• _TASK GOAL_:
Filter this material down to the lines that hold "Modern", copying each one.

————

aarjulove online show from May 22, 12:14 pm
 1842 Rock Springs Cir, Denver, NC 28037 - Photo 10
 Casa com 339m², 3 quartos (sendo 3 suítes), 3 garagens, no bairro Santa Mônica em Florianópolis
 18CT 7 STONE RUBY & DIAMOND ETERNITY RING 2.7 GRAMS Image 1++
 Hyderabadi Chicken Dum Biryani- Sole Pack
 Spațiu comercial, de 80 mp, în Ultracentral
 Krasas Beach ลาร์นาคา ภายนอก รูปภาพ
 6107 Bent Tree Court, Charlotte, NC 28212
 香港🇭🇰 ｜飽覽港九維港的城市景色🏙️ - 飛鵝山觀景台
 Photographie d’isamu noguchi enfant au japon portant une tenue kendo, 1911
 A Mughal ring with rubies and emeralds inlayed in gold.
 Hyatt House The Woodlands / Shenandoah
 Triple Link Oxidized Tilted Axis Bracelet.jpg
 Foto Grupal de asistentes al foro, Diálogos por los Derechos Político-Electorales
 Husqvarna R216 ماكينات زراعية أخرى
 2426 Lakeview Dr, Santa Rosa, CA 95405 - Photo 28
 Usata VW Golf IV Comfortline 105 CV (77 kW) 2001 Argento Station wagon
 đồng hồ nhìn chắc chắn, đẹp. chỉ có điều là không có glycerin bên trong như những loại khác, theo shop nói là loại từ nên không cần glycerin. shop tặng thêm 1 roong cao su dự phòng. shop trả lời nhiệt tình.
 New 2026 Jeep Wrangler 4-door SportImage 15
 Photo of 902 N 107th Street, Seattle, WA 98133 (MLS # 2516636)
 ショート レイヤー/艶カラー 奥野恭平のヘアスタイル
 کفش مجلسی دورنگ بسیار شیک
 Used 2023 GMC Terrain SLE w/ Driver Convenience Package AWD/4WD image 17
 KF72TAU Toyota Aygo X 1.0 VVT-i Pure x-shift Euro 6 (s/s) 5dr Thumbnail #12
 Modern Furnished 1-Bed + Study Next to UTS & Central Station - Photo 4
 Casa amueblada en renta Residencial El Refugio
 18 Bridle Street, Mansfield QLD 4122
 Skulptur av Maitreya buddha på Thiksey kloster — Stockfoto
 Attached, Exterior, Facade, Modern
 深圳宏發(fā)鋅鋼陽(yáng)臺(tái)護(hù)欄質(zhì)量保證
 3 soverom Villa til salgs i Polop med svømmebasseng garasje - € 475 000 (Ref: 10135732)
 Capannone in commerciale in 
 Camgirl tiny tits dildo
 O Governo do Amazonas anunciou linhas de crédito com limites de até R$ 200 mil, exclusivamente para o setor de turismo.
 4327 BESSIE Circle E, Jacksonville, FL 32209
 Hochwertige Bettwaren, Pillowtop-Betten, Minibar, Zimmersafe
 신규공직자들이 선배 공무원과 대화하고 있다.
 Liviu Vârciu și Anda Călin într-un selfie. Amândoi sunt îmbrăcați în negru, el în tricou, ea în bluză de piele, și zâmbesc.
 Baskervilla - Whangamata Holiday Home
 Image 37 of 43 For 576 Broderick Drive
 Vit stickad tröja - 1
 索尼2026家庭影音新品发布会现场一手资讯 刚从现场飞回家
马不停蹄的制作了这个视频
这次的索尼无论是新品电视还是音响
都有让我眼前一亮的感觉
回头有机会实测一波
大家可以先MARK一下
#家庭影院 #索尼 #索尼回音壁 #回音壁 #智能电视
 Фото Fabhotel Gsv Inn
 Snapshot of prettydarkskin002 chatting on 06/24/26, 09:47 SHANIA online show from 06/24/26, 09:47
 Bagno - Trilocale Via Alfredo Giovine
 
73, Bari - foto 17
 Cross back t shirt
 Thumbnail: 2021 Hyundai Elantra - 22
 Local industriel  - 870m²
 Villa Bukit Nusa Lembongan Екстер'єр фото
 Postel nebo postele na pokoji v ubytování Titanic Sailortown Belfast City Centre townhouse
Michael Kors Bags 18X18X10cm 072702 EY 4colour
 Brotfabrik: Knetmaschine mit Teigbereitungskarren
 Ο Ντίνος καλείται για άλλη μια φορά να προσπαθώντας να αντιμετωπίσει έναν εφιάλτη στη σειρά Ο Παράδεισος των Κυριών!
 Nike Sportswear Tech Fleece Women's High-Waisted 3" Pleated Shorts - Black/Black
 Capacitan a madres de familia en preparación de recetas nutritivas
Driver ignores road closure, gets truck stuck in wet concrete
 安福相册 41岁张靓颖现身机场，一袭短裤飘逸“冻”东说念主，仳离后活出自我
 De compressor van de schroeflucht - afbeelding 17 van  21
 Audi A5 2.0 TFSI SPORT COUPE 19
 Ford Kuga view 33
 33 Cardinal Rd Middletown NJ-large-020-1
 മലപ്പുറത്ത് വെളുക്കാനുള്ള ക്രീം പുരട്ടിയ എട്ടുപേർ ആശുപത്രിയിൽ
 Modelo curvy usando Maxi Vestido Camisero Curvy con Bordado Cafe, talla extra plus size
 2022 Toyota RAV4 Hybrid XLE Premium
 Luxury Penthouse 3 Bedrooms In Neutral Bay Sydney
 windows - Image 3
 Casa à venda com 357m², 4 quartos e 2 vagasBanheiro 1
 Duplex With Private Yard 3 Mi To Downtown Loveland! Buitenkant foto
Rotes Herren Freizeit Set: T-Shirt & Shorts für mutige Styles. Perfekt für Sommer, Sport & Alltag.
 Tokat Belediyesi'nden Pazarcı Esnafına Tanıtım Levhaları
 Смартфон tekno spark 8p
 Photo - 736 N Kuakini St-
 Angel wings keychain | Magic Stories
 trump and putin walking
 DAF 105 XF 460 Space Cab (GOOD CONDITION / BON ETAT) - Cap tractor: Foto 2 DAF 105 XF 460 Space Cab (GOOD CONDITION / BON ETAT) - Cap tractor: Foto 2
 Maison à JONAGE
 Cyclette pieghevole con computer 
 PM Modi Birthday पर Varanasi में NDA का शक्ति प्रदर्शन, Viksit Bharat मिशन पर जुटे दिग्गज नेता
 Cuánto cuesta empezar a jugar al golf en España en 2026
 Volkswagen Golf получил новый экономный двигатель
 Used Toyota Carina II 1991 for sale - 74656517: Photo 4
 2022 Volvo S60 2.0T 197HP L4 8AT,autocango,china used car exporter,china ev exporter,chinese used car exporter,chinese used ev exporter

————

• _ANSWER SPACE_:
 Modern Furnished 1-Bed + Study Next to UTS & Central Station - Photo 4
 Attached, Exterior, Facade, Modern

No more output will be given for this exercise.